Mine starts April 18th..... It will be my first turkey hunting experience and im gonna try it out with my bow.


----------



## N7709K (Dec 17, 2008)

I'm gonna go get another one with a bow, dylan if your vendetta shoots good with bh's call it good, you won't be shooting more than 25yds


----------



## bonecollector 3 (Jan 16, 2011)

If I cant get them within 25 yds ---- They get a load of #4s from My Benelli Vinci:uzi:


----------



## 12-RING SHOOTER (Jul 27, 2010)

N7709K said:


> I'm gonna go get another one with a bow, dylan if your vendetta shoots good with bh's call it good, you won't be shooting more than 25yds


 it will hit spot on with field points as it does with broadheads, i just want it papertuned with hunting arrows, because it will only be used for hunting after this, so it will be the last time it will be setup. so might as well get it done now.


----------



## N7709K (Dec 17, 2008)

If it puts fixed blades and field points together, don't touch a thing even if paper tune is off


----------



## 12-RING SHOOTER (Jul 27, 2010)

im not gunna leave it setup for fatboys for deer hunting.


----------



## outdoorsman3 (Nov 15, 2010)

im goin after one with a bow. magnus bullheads at the end of my arrow.


----------



## arhoythunter (Aug 3, 2010)

Found a 3 1/2 ft stump the other day that's almost 4ft in witdth so gonna try gettin by without a blind.


----------



## outdoorsman3 (Nov 15, 2010)

with a bow? good luck with that.


----------



## arhoythunter (Aug 3, 2010)

Well it got lots of logs and brush around it and had I not been walking I prolly wouldn't have seen it


----------



## outdoorkid1 (Nov 20, 2010)

I've been hunting turkeys all weekend long and have seen a few birds but I haven't been able to get close enough.


----------



## muzzyman1212 (Mar 28, 2009)

Well if bowtech will hurry up then I will with or without a blind most likely no blind.


----------



## outdoorsman3 (Nov 15, 2010)

i HATE waiting on bows. i had to wait 3 months for mine...


----------



## muzzyman1212 (Mar 28, 2009)

All the companys are behind it actually seems like march flew by!


----------



## jaho (Sep 13, 2010)

On saturday i went with my bow should have had a nice tom, but my arrow deflected off of some branches and missed by a mile.


----------



## need-a-bow (Aug 10, 2010)

Ill be killing THE thunder chicken that terrorizes me at the farm but not a turkey.

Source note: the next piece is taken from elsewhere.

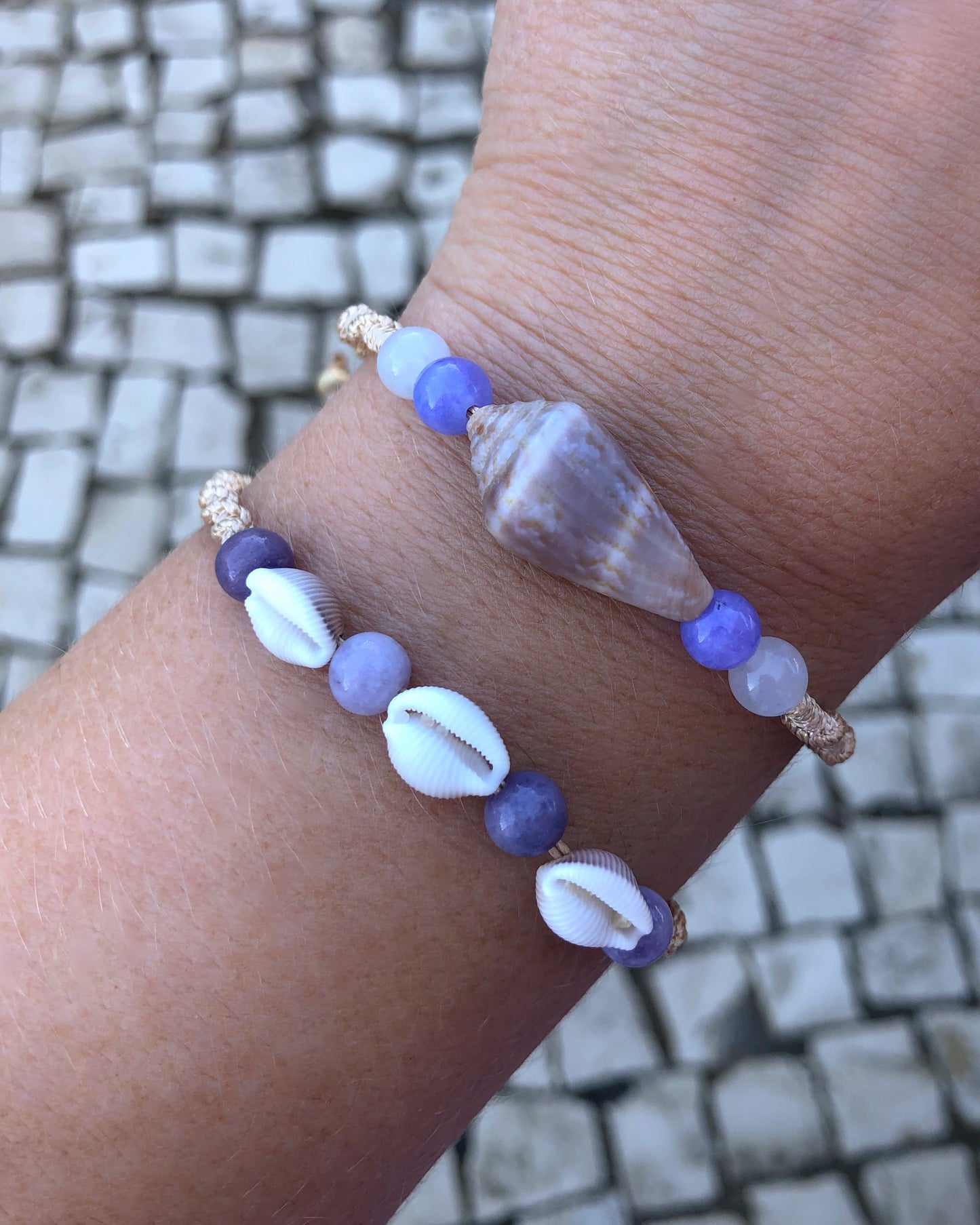 Close up of Angelite Cone Shell Bracelet and Cowrie Amethyst Bracelet on wrist. Handbraided macrame bracelet with handpicked cone shell from Portugal and gemstone.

Its me or the bird and its 50/50


----------



## outdoorsman3 (Nov 15, 2010)

need-a-bow said:


> Ill be killing THE thunder chicken that terrorizes me at the farm but not a turkey. Its me or the bird and its 50/50


chicken on the roids?


----------



## need-a-bow (Aug 10, 2010)

It might be. Or maybe its just a mutation. Ill know after I perfom an autopsy. If it doesnt perform one on me first


outdoorsman3 said:


> chicken on the roids?


----------



## MC10 (Mar 1, 2011)

I'll be going after longbeards for the first time with a bow this year, but not til May first! Just picked up a Field & Stream Hunter Blind from Dick's it looks like it should work out nice.


----------



## .22outdoorsmen (Jul 6, 2010)

Well I haven't turkey hunted much. Just a couple times now and then. But this year Im going to use my bow just for the heck of it. I hope I'll finally get one!


----------



## awirtz26 (Feb 12, 2009)

going to try it with my bow and the old shot gun


----------



## BOW TECH MAN (Mar 28, 2011)

Friday going to make his head fly. (I HOPE) From a blind.


----------



## NEhunter22 (Jan 17, 2011)

i hunted them once this weekend and got within 30 yds of 6 big toms but without a blind and using a bow i just couldn't get the job done


----------



## texashoghunter (Dec 26, 2010)

I am going to try!!


----------



## clbrown23 (Jan 6, 2010)

I am also going for a turkey this year with my bow, Mathews DXT, only using foliage and natural blinds, had a couple birds at 20 yards last year with no blind at all. Got my bow paper tuned and broadhead tuned, shooting real nice she is ready to let an arrow fly opening day, April 9th up here


----------



## Ignition kid (Oct 7, 2008)

I did 1st week but we dont have enought turkeys to try it on since we are first having a problem with even getting close to them since they are henned up right now in the season.


----------



## 12-RING SHOOTER (Jul 27, 2010)

how about we post some pics of the bows that will be dropping the gobblers, ill get mine up in a bit.


----------



## dbo21504 (Jan 29, 2010)

I am going to try, if the snow ever gets out of here.


----------



## muzzyman1212 (Mar 28, 2009)

12-RING SHOOTER said:


> how about we post some pics of the bows that will be dropping the gobblers, ill get mine up in a bit.


I wish I could if it would hurry up and get here.


----------



## N7709K (Dec 17, 2008)

i'm just using the am35.. nothing fancy


----------



## outdoorsman3 (Nov 15, 2010)

well boys, season is tomorrow! wish me luck! Ill talk to you tomorrow!


----------



## arhoythunter (Aug 3, 2010)

[URL="http://







[/URL]
Here's mine. Its the 870 wingmaster first then this bad boy next!!! Hey it's just what my grandpa said. Unless I'm with my dad.


----------



## bonecollector 3 (Jan 16, 2011)

And if that does not work I will break out the benelli.


----------



## MC10 (Mar 1, 2011)

Probably try with the 1100 first. Haven't decided what broadheads to go with yet.


----------



## 12-RING SHOOTER (Jul 27, 2010)

here she is, all setup and ready to roll for saturday!!


----------